Astronomy Students Study Extraterrestrial Life With Interdisciplinary Focus
While most people would imagine astronomy as a purely physical science, it can be interdisciplinary as well, if the topic is extraterrestrial life. Dr. Jeff Goldader’s junior and senior Astronomy elective this year has been focusing on the possibility of the existence and consequences of the discovery of intelligent extraterrestrial life.
Based on a course he took in college, Dr. Goldader’s class builds on the latest discoveries in astronomy and uses connections with other fields to help students construct a picture that goes far beyond most astronomy classes. “When I took ‘Life in the Universe’ in college, we had not discovered any planets outside our solar system. Today, we know of more than 4,000 planets orbiting other stars, with thousands of candidates still being evaluated,” explained Dr. Goldader. Engineers are designing telescopes that will be able to search for evidence of life on many of these worlds. We need to think seriously about whether life elsewhere is likely, and what would happen if we found it.”
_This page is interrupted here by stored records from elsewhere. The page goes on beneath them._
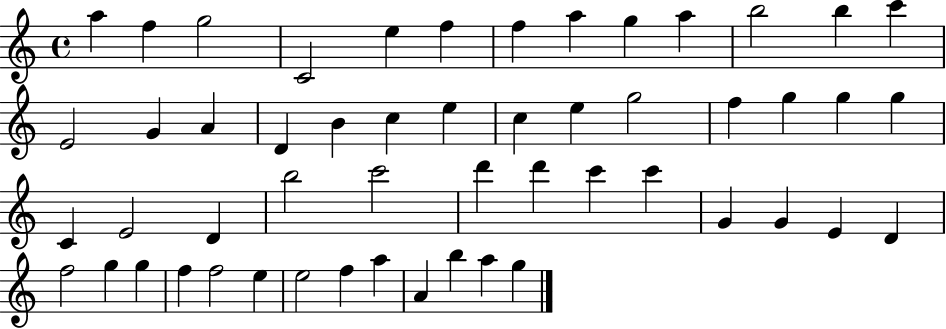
{
  \clef treble
  \time 4/4
  \defaultTimeSignature
  \key c \major
  a''4 f''4 g''2 | c'2 e''4 f''4 | f''4 a''4 g''4 a''4 | b''2 b''4 c'''4 | \break e'2 g'4 a'4 | d'4 b'4 c''4 e''4 | c''4 e''4 g''2 | f''4 g''4 g''4 g''4 | \break c'4 e'2 d'4 | b''2 c'''2 | d'''4 d'''4 c'''4 c'''4 | g'4 g'4 e'4 d'4 | \break f''2 g''4 g''4 | f''4 f''2 e''4 | e''2 f''4 a''4 | a'4 b''4 a''4 g''4 | \break \bar "|."
}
Many teachers generously gave of their time to spend a period with the astronomy class. History Department Chair Dr. Matthew Bunn used the conflict between the Aztec empire and Cortez as an example of what happens when civilizations with very different levels of technology encounter each other. If we one day encounter a species without language, Art teacher Kenny Delio showed how we can use art to communicate without words. English teacher Dr. Sherry Forste-Grupp talked about how we can “share our story” with other cultures, using episodes from “Star Trek: The Next Generation” to prompt discussion of stories that transcend cultures. Languages Department Chair Josiane Mariette talked about common features of human languages. Upper School Head Christie Reed, who was a long-time biology teacher at Baldwin, visited to talk about early life on Earth.
Dr. Goldader reflects, “It’s been a dream of mine to teach a course like this. With knowledgeable colleagues willing to contribute their expertise, students in our class have seen the many ways disciplines need to collaborate to properly address such a fascinating topic.”